Web applications that handle big amounts of data are not easy. Receiving big
amounts data is slow, cumbersome, and prone to failing, so it makes for a
challenging user experience. Sending big amounts of data is also difficult,
particularly when you start introducing some complexities into how that data
needs to be processed before it can be sent.

In this blog post, we're going to look at some of those challenges and model
them with a simple web application.

Difficulties

Slow and coupled server responses

Assembling a big HTML page server-side and sending it to the user is slow. Worse
than the actual speed of it is the perception of speed. If a user requests a
page and then has to sit around waiting before they see anything on the screen,
they get unhappy.

Speeding up the initial server response should always be a performance goal,
but it becomes difficult to achieve when you think about the fact that our
response is dictated by the slowest operation we need to perform. If assembling
our large chunk of data involves making a request to another service, our
response is going to be at least as slow as our request/response cycle with
that service.

Big AJAX request are slow and brittle

This problem with slow server responses is in part why AJAX is such a useful
tool. Instead of needing to wait for a large amount of data to be compiled
before reponding, we can instead respond with a minimal page very quickly, and
then after that make a request to get the data we will need. Then once we have
that data, we can render it to the user.

However, moving the data operation to the front-end doesn't necessarily make it
any faster. In fact, it will likely make it slower, since most clients are
less powerful than most servers, and they are likely to be on lower quality,
slower connections. The user will still have to wait for all of the data to be
ready before getting to see it, and any connection problems will lead to all of
the data being unavailable.

Multiple AJAX requests increase complexity

A better option could be to break up that large AJAX request into many smaller
requests, then as each one of those reponses finishes, plot its results on
the page. This incremental approach generally leads to a much better user experience
because users can start seeing and interacting with data as soon as it's
available instead of having to wait for all the data. It is also much robust
to lost connections as each request can fail individually without affecting
data which has already been successfully loaded.
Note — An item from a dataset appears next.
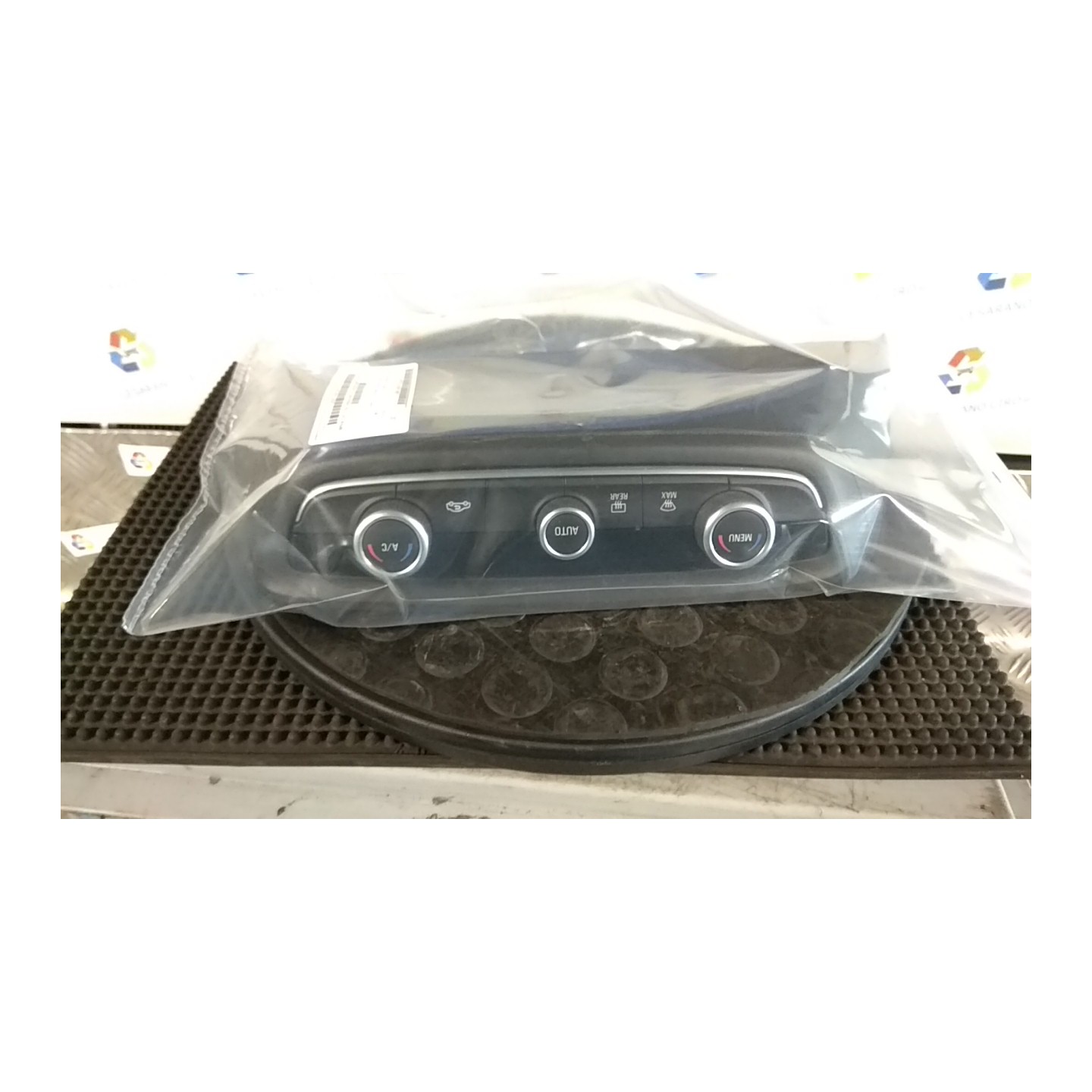 BLOCCO COMANDO CLIMATIZZAZIONE C/A/C MAN./PARABR. RISCALDATO 029 OPEL CROSSLAND X (P17) (05/17-) EB2DTOPTHN01 39142405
Handling many more requests is no simple feat though. Our client-side logic has
to become more complex, because it now needs to know how much data to request.
The server-side logic will also need to be more complex because it will need a
mechanism to tell which data the client has and hasn't received.

What are we going to build?

We're going to model these difficulties through a web app that renders an
adorable 8-bit pixel art cat with some sun shining down on it.

The image is represented in JSON. It is an array of objects that include three
properties, an X position, a Y position, and a color.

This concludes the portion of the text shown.